The Auditor sought coverage from its Insurer. Several claims have settled; however, others did not. Eventually, a coverage dispute arose with the key issue being the question of whether the claims arising from each of the three audits were separate or “interrelated” under the policy. The policy defined interrelated claims as “all claims arising out of a single act or omission or arising out of interrelated acts or omissions in the rendering of professional service.” The policy further stated that interrelated acts or omissions are “all acts or omissions in the rendering of professional services that are logically or causally connected by any common fact, circumstance, situation, transaction, event, advice or decision.” If the court deems multiple claims as “related” claims, the court will treat them as one claim, thus limiting the Auditor to a single limit as opposed to the full policy limit.
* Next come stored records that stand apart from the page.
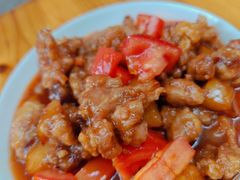 荔枝肉-陈金兰饮食店(柳前巷店)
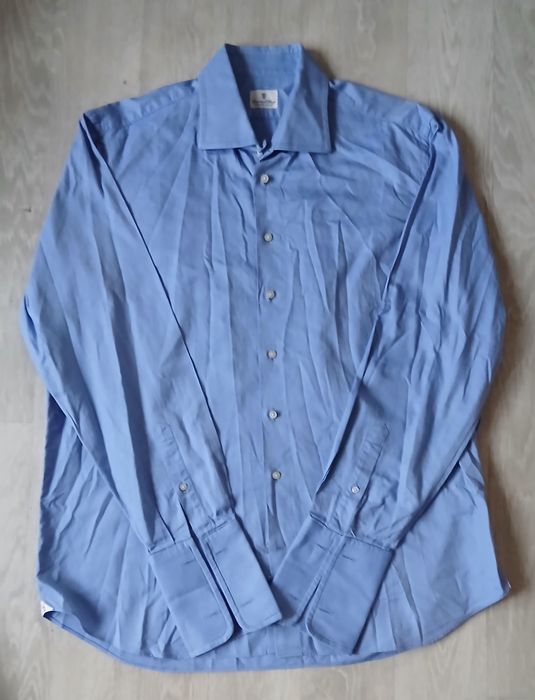 Сорочка Emanuel berg,Etro,Burberry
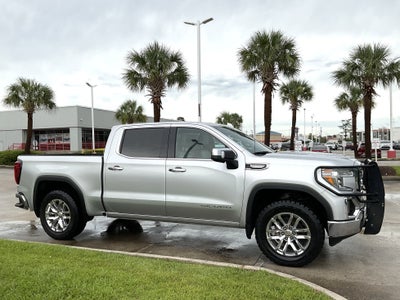 2020 GMC Sierra SLT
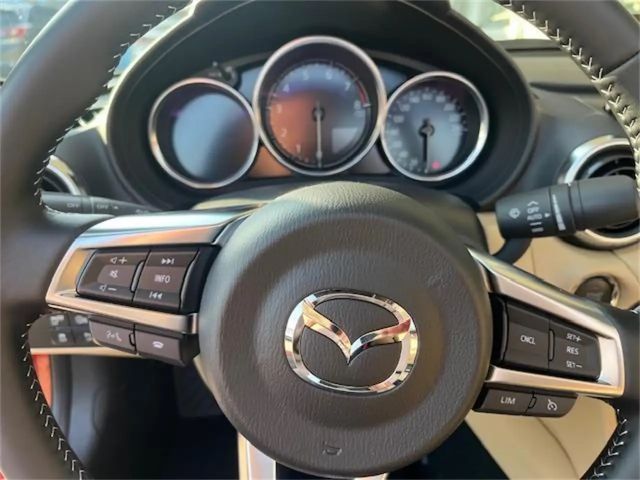 Mazda MX-5 RF SkyActiv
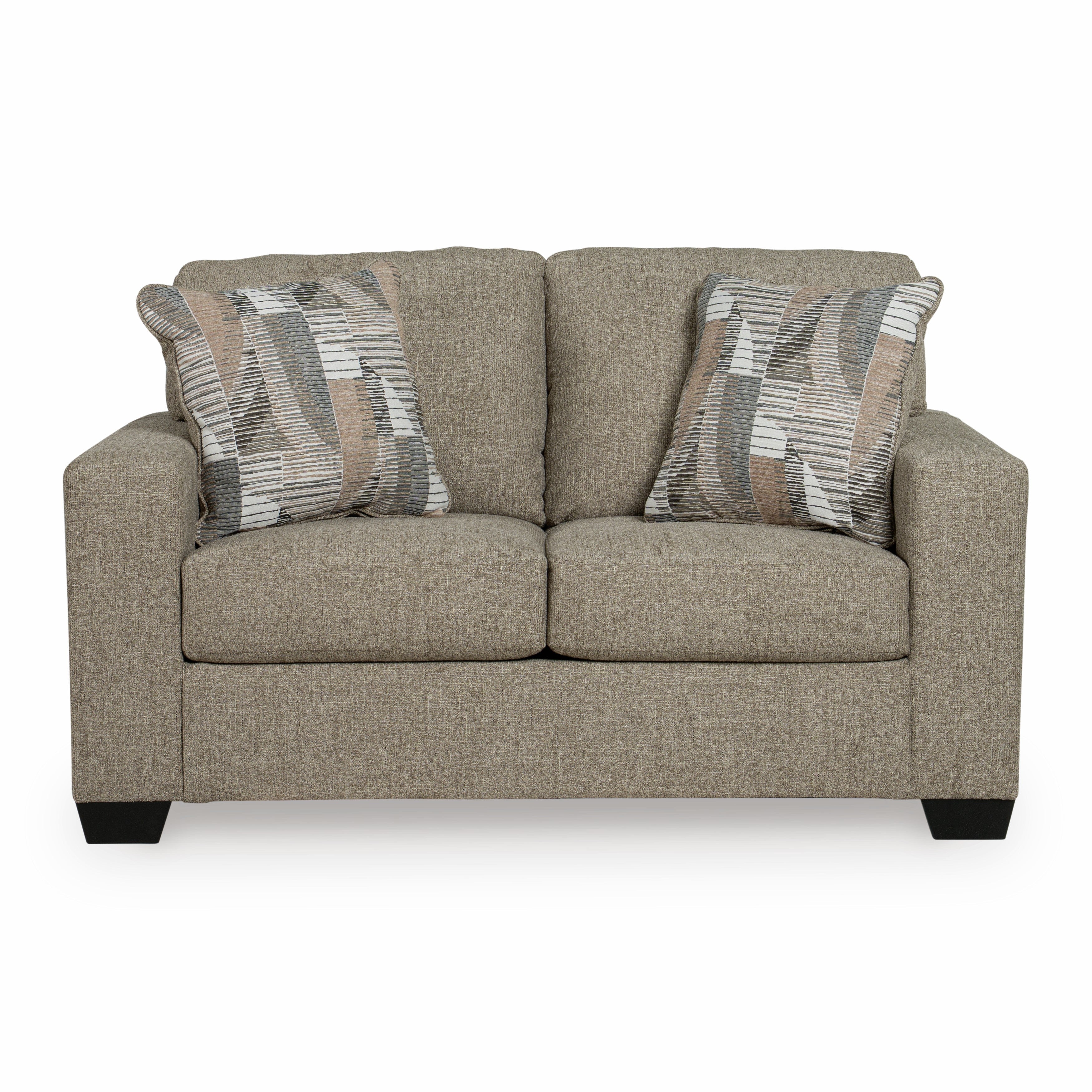 Majestic Living Sofa Set (3+2+1)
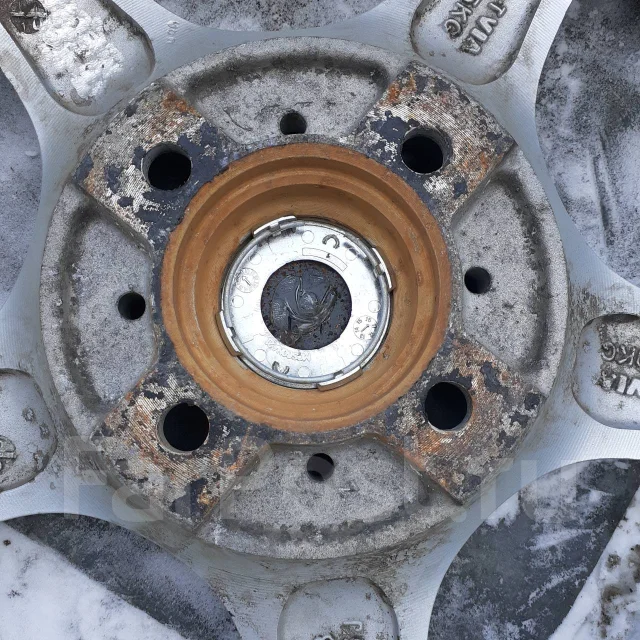 Azect. 5.0x13", 4x100, ET35, �� 73���. ����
The Insurer agreed to pay the full amount for a single claim deeming the three audits as one claim. The Lender disagreed and sued the Insurer for the remaining amount, arguing that each audit was separate and had a separate limit. The lower court held that claims stemming from the same audit report are interrelated, while the claims arising from different reports are not. The Insurer appealed and prevailed in the Tenth Circuit. 

According to the Tenth Circuit, “logically connected” means “connected by an inevitable or predictable interrelation or sequence of events.” Applying this legal framework, the court held that the three audits constituted one “interrelated claim” and the “same common facts and circumstances tie the recurring negligence acts together.” The court reasoned that there was one auditor, that auditor performed the same service three separate times, and made the same error each time. Thus, the court held that the auditor’s negligence was a “common circumstance” that flowed across the different audits and “made additional negligently conducted audits predictable, and therefore, logically connected.”
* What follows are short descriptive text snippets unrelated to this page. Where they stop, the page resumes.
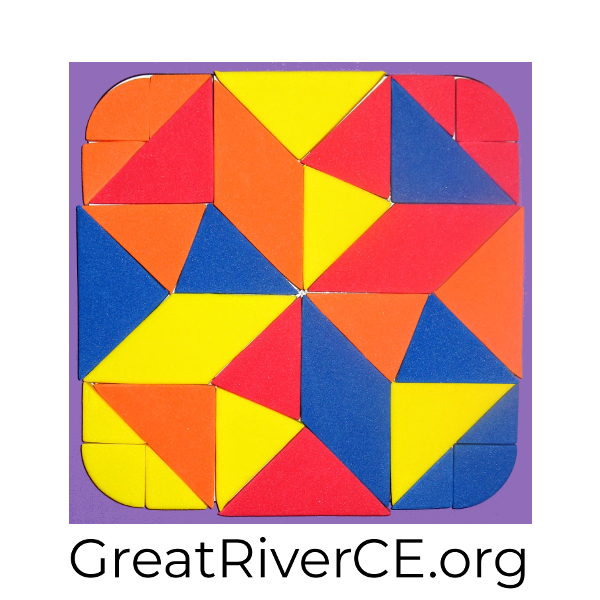 Great River Children's Museum logo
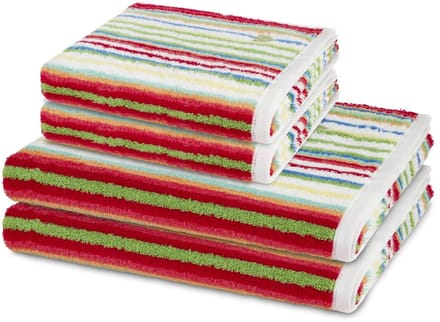 Ross Sonstiges 2 X handdoek 2 X douchehanddoek - in set 4 pack Vita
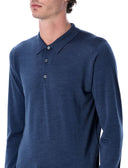 Maglioni John Smedley Blu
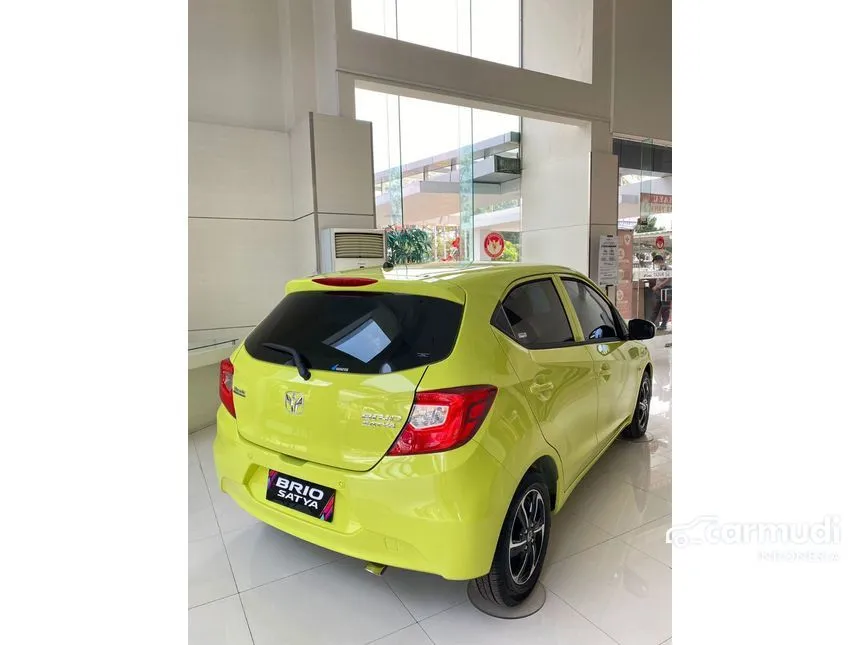 2024 Honda Brio E Satya Hatchback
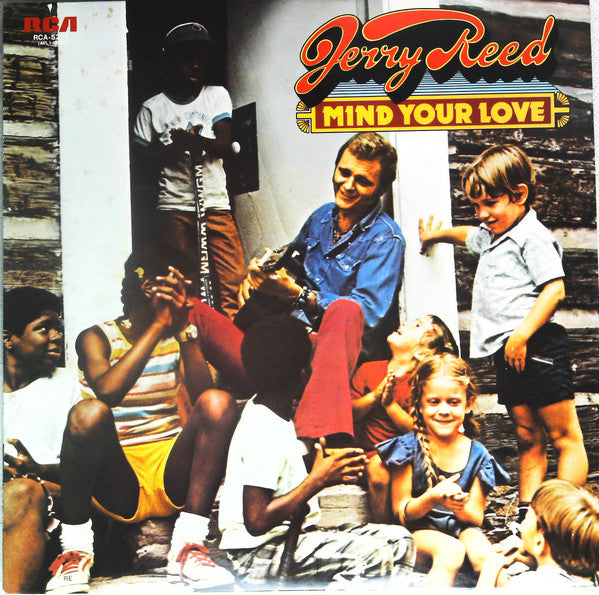 Release: Mind Your Love-Vinyl-Japan-1975-RCA-5221-18806647
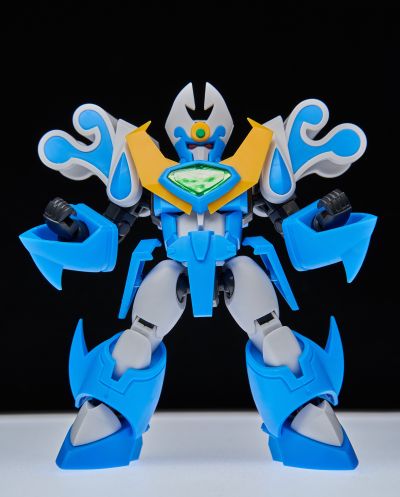 MODEROID 光能使者 风暴使者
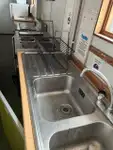 Accommodation barge for sale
A grain facility’s (the “Company”) employee, throughout several decades of their employment, conducted a fraudulent scheme of misrepresenting the price at which the grain was sold to the market and entering false sales contracts in the Company’s system. Upon discovering the scheme, the Company notified the law enforcement authorities and its commercial crime insurance carrier (the “Carrier”) of the “potential fraud/embezzlement” by the employee. 

The Company and the Carrier leaned on the “investigative settlement clause” of the policy which enabled them to utilize an investigator to determine facts and the quantum of loss. After investigating the facts for over two years, the investigator determined that the Company’s loss was over thirty million dollars. A small fraction of the loss was embezzled, while the majority of the loss amount resulted from the costs of shipping the grain. 

At issue in the coverage litigation was to what extent the policy would cover the entire loss to the Company, versus only the amount that the employee had actually embezzled in the scheme. The crime policy contained an employee “theft” coverage which was defined as “the unlawful taking of property for the deprivation of the Insured” for loss that resulted “directly from” such employee theft. The policy omitted the definition of “taking,” yet the Carrier and the Company relied on the Black’s Law Dictionary definition which stated that “taking” was “[t]he act of seizing an article, with or without removing it, but with an implicit transfer of possession or control.” 

The Carrier argued that the employee’s control over the grain (and the ensuing loss of $29 million in freight costs) did not amount to “taking.” The court disagreed, ruling that the employee exercised implicit control over the grain and misused her authority to direct the transfer of sale of the grain, even if she never physically seized the grain. The court underscored that “implicit transfer” of control was sufficient to characterize the employees’ actions as “taking” under the policy. The court highlighted that the employee’s illegal conduct directly induced the Company to ship the grain, and that the $29 million in loss associated with the shipment fell within the terms of covered loss within the policy.